A Course in Miracles Lesson 171

God is but Love, and therefore so am I.

Our theme now is that God is Love and therefore, we are as well. The mantra-like nature of this sequence of lessons is a simple veil masking an exponentially deeper and more powerful idea: that we are not separate from God.

This is not to be understood as “in these bodies, with these personalities and stories, we shall be lifted up and incorporated into the perfect unity of God.”

Rather, it is to be understood as: what you are in truth is already one with God and never was and never will be otherwise. We are confused about what we are – no more than that but also, no less.

The second statement obviates the first. If we think that the egoic self – with its body-identification, its time and space orientation, and its language-based relationshps – is God, then we’re confused.

A Course in Miracles is about undoing that confusion. In this sequence of lessons, it de-emphasizes the intellectual approach that tends to dominate the curriculum, in favor of an almost call-and-response simplicity.

If you hate this simplicity, don’t worry. It’s not a crime against God or Nature.

But if you find yourself responding to it – finding it welcome or easy, finding it affirming or familiar – know that somewhere in the deep past, ancestors praise and celebrate you, while in the future your descendents thank you. This is an old and veritable approach to learning.

So in this lesson, for example, the ancillary ideas are that everything we perceive is an echo of the Holy Spirit, who is the Voice for God, and that we are endowed with the power of decision.

These are not simple ideas. And yet the lesson does not invite us to go into them in an intellectual way – proving them wrong or right, say. Explaining them or theorizing about them.

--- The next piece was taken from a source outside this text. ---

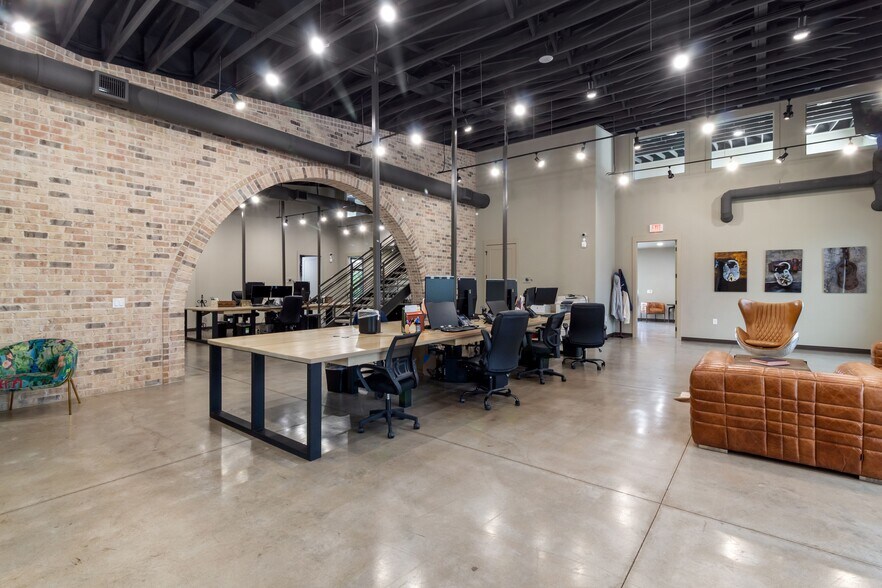 More Photos Of 750 William D Fitch Pky, College Station Loft Creative Space For Lease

Rather, the lesson asks us to put right and wrong aside – set analysis aside – and instead focus on something broader – that God is Love and we are not separate from God.

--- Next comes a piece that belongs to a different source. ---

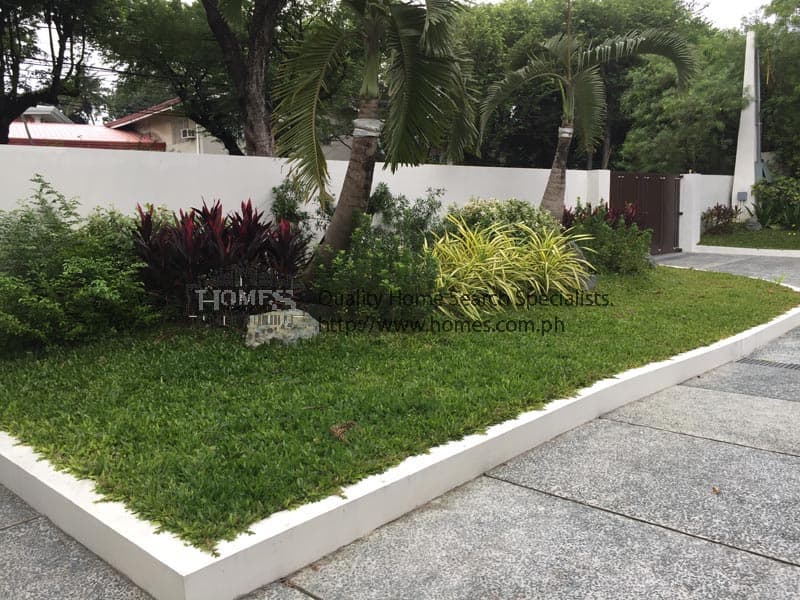 Modern & updated perimeter 2-storey - photo 3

We are being asked to take a very lofty view of ourselves here, one that is beyond the reach of reason and evidence, and thus can only be reached by faith. Intellect is beside the point; sometimes it has to be.

The lesson is asking us to enter what Abhishiktanda called “the Cave of the Heart,” a domain of which Wittgenstein both was and wasn’t signifying when he observed that whatever lay beyond speech could not be spoken of, and thus silence was the better path.

We speak these words – repeat them, mantra-like – and when we are ready and willing, the Holy Spirit will take us to a place of stillness and silence in which the truth of our identity stands so clear and true that we will never again believe the silly idea that you are a body in a world, the latter of which isn’t real, and the former of which is doomed.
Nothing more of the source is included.